═══ DATA FOR THE TASK ═══
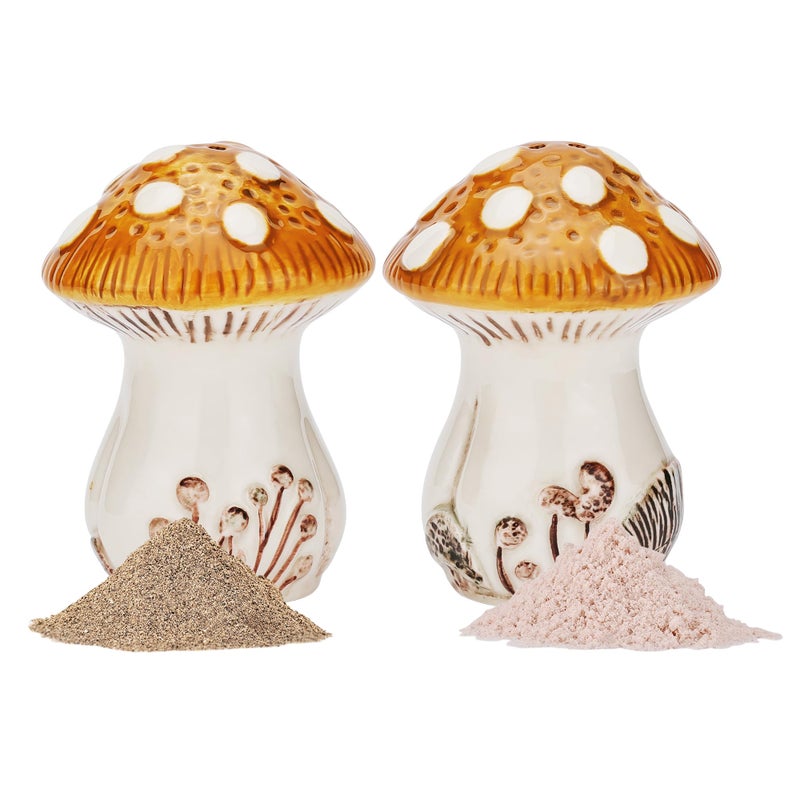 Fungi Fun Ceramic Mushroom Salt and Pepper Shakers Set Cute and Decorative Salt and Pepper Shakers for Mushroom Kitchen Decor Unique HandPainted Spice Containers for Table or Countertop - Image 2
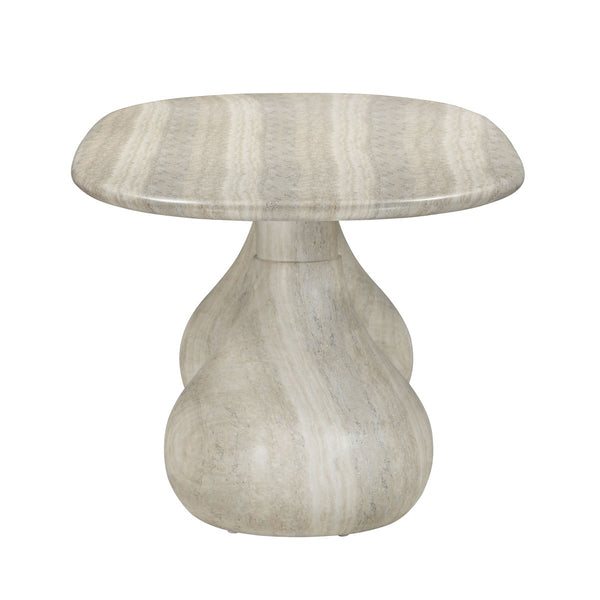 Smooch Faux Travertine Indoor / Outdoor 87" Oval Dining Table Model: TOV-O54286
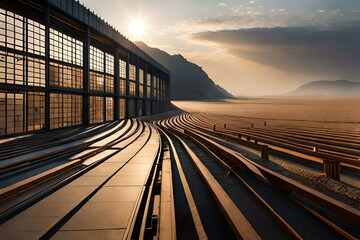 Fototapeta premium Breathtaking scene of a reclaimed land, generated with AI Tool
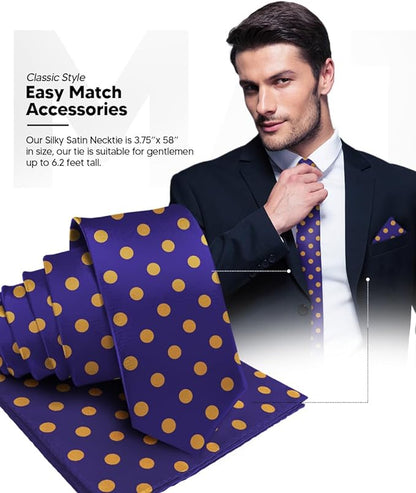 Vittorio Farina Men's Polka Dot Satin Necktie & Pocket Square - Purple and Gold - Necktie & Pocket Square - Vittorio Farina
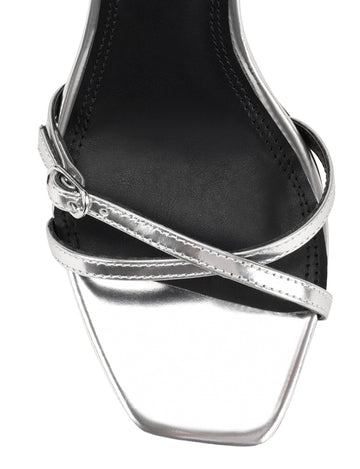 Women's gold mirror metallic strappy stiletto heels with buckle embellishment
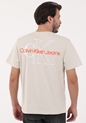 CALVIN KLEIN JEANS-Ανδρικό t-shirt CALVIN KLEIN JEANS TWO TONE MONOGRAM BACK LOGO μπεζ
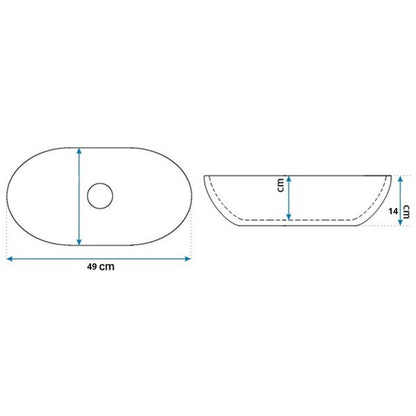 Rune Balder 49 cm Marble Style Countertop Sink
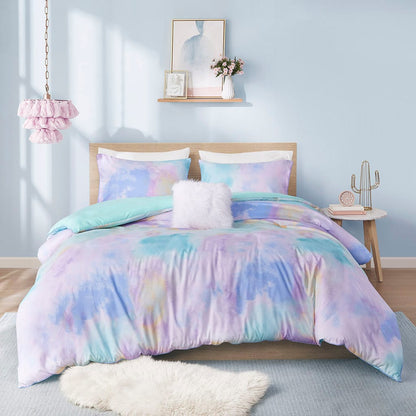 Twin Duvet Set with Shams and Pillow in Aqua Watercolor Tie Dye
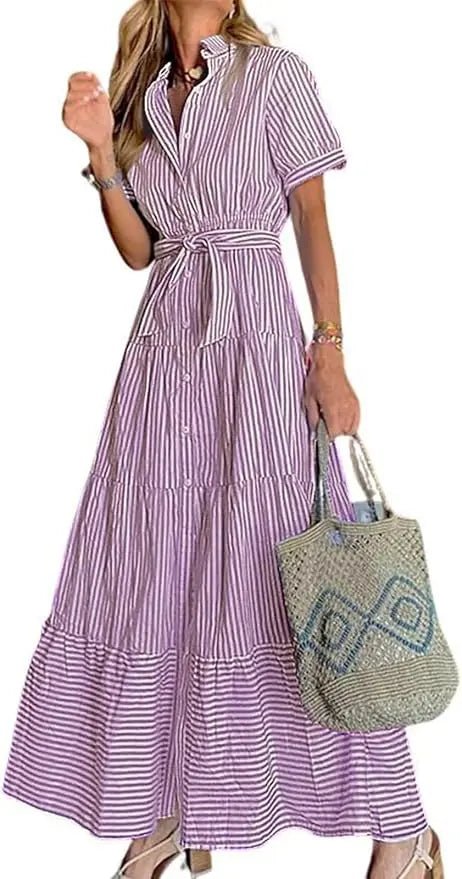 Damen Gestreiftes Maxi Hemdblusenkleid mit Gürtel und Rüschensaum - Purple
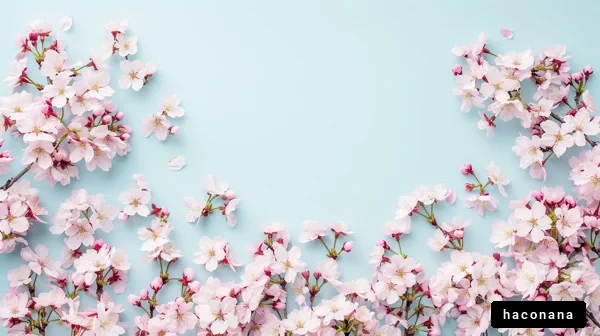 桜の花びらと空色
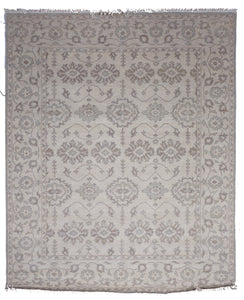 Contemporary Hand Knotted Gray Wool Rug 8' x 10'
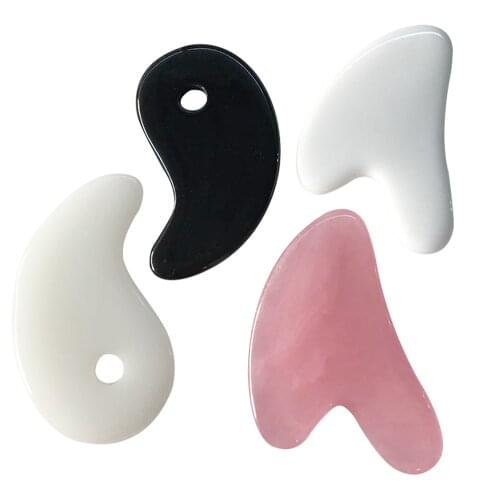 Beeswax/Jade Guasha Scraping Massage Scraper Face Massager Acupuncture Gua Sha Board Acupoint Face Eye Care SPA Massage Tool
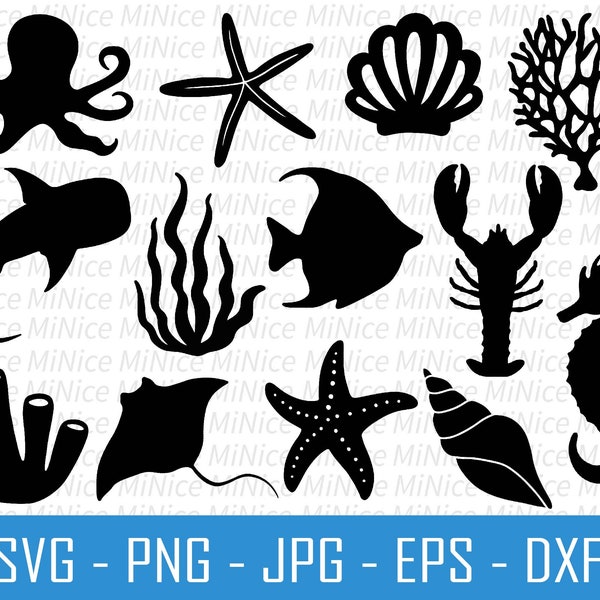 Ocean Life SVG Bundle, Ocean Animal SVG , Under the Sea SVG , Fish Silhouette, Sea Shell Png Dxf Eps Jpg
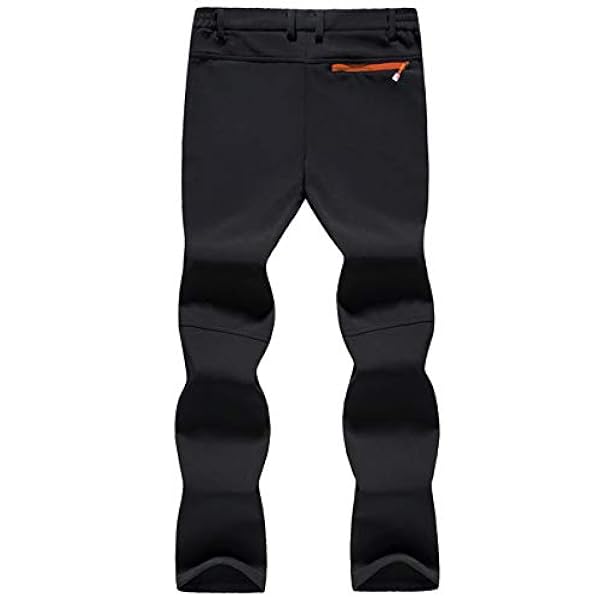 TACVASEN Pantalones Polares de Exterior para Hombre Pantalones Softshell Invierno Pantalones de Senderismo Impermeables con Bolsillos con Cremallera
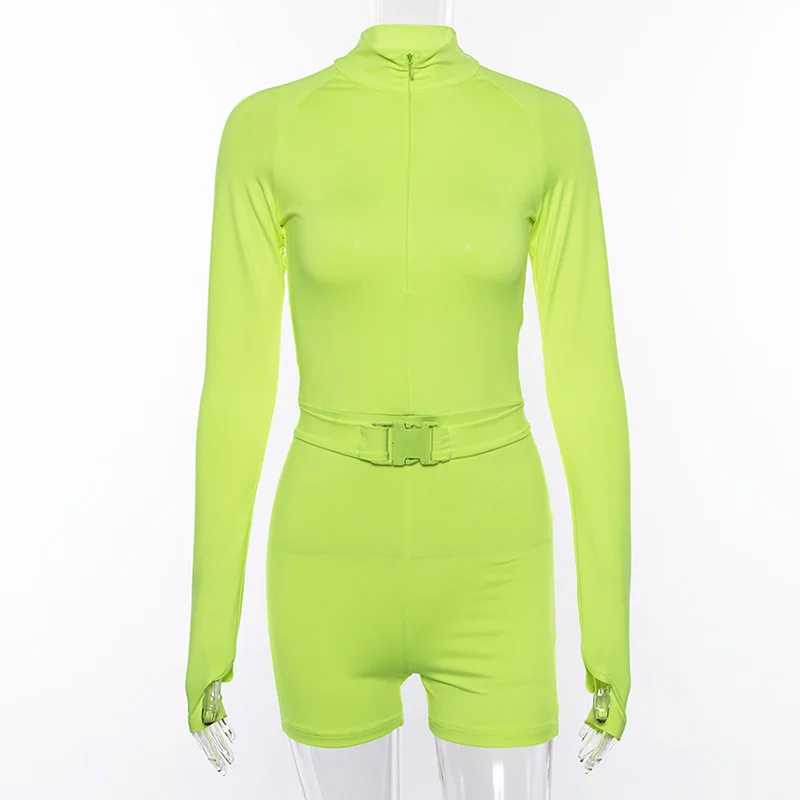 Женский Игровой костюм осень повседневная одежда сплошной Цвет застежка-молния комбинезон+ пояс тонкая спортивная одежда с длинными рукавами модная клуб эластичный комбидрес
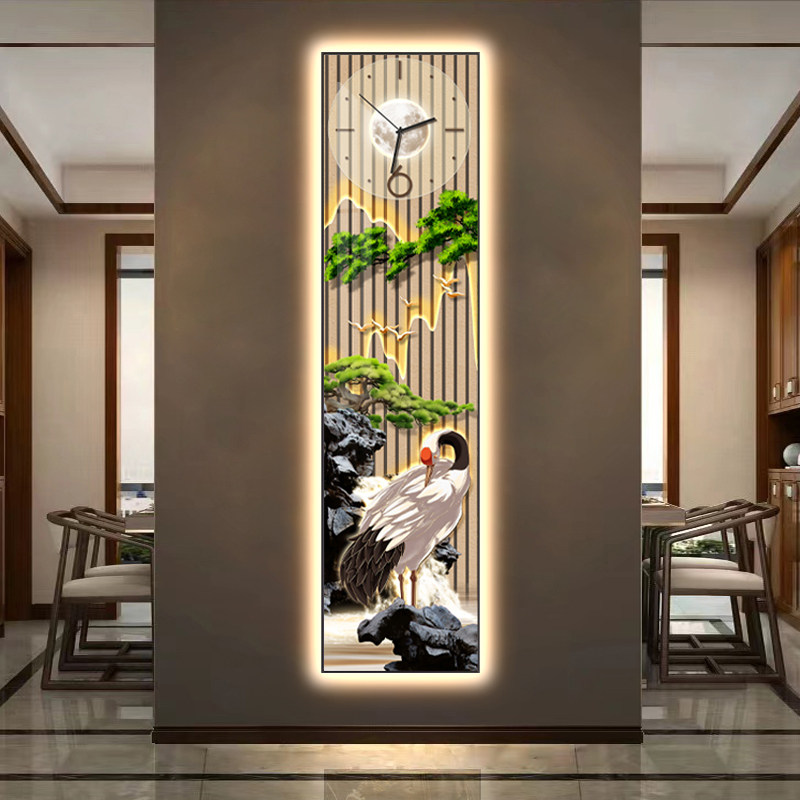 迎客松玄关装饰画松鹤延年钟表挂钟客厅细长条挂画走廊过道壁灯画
═══
> [PROBLEM REQUIREMENTS]: Output precisely the lines in the material above from the line containing "Contemporary Hand Knotted" through its last line, and omit pictures.

> [RESPONSE FOR THIS EXERCISE]:
 Contemporary Hand Knotted Gray Wool Rug 8' x 10'
 Beeswax/Jade Guasha Scraping Massage Scraper Face Massager Acupuncture Gua Sha Board Acupoint Face Eye Care SPA Massage Tool
 Ocean Life SVG Bundle, Ocean Animal SVG , Under the Sea SVG , Fish Silhouette, Sea Shell Png Dxf Eps Jpg
 TACVASEN Pantalones Polares de Exterior para Hombre Pantalones Softshell Invierno Pantalones de Senderismo Impermeables con Bolsillos con Cremallera
 Женский Игровой костюм осень повседневная одежда сплошной Цвет застежка-молния комбинезон+ пояс тонкая спортивная одежда с длинными рукавами модная клуб эластичный комбидрес
 迎客松玄关装饰画松鹤延年钟表挂钟客厅细长条挂画走廊过道壁灯画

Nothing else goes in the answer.